"You grew up around Buffalo, didn't you, Mr. Kurtz?"

He didn't react, but he felt the skin tighten on his face. O'Toole knew his personal history from the dossier on her desktop, and she'd never ventured into his pre-Attica history before. What'd I do?

He nodded.

"I'm not asking professionally," said Peg O'Toole. "I just have a minor mystery—very minor—that I need solved, and I think I need someone who grew up here."

"You didn't grow up here?" asked Kurtz.
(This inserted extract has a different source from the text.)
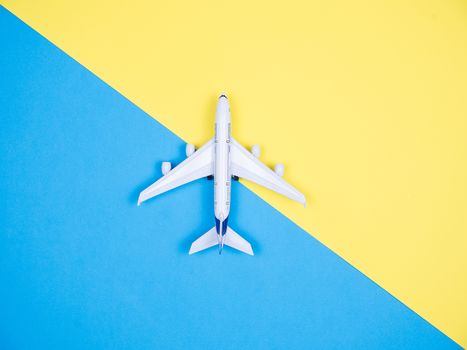 Top view of white toy plane over yellow and blue background. Copyspace available.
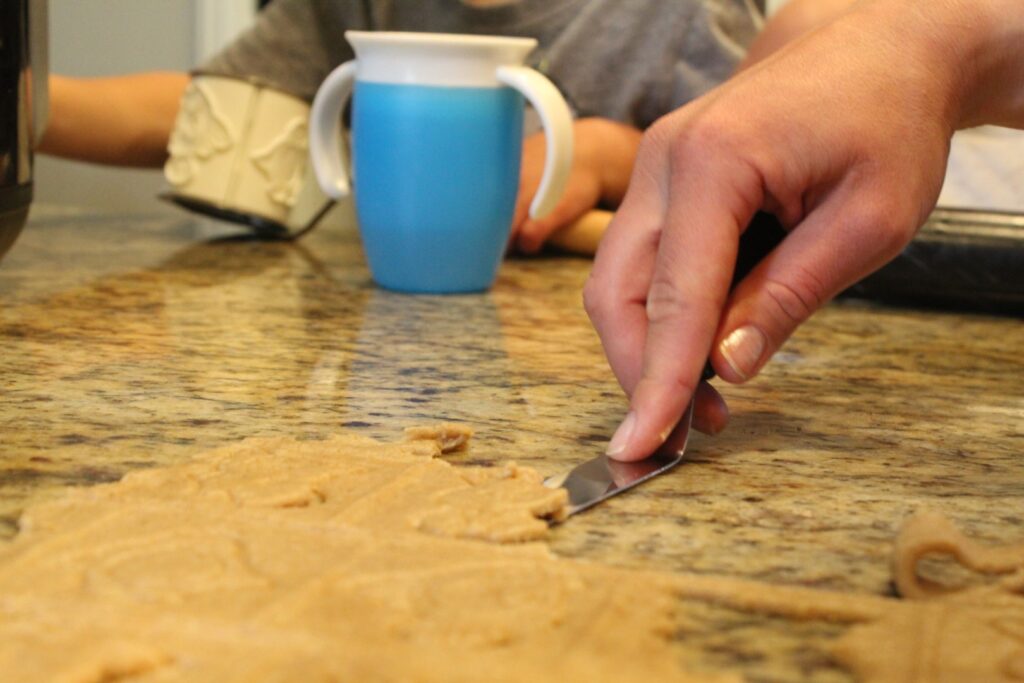 transferring sourdough animal graham cracker with a spatula.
Most people who still lived in Buffalo had.

"I was born here, but we moved away when I was three," she said, opening the bottom right drawer of her desk and moving some things aside. "I moved back eleven years ago when I joined the Buffalo P.D." She brought out a white envelope. "Now I need the advice of a native and a private investigator."

Kurtz stared flatly at her. "I'm not a private investigator," he said, his voice flatter than his gaze.

"Not licensed," agreed O'Toole, evidently not intimidated by his cold stare or tone. "Not after serving time for manslaughter. But everything I've read or been told suggests you were an excellent P.I."

Kurtz almost reacted to this. What the hell is she after?

She removed three photographs from the envelope and slid them across the desk. "I wondered if you might know where this is—or was?"

Kurtz looked at the photos. They were color, standard snapshot size, no borders, no date on the back, so they'd been taken sometime in the last couple of decades.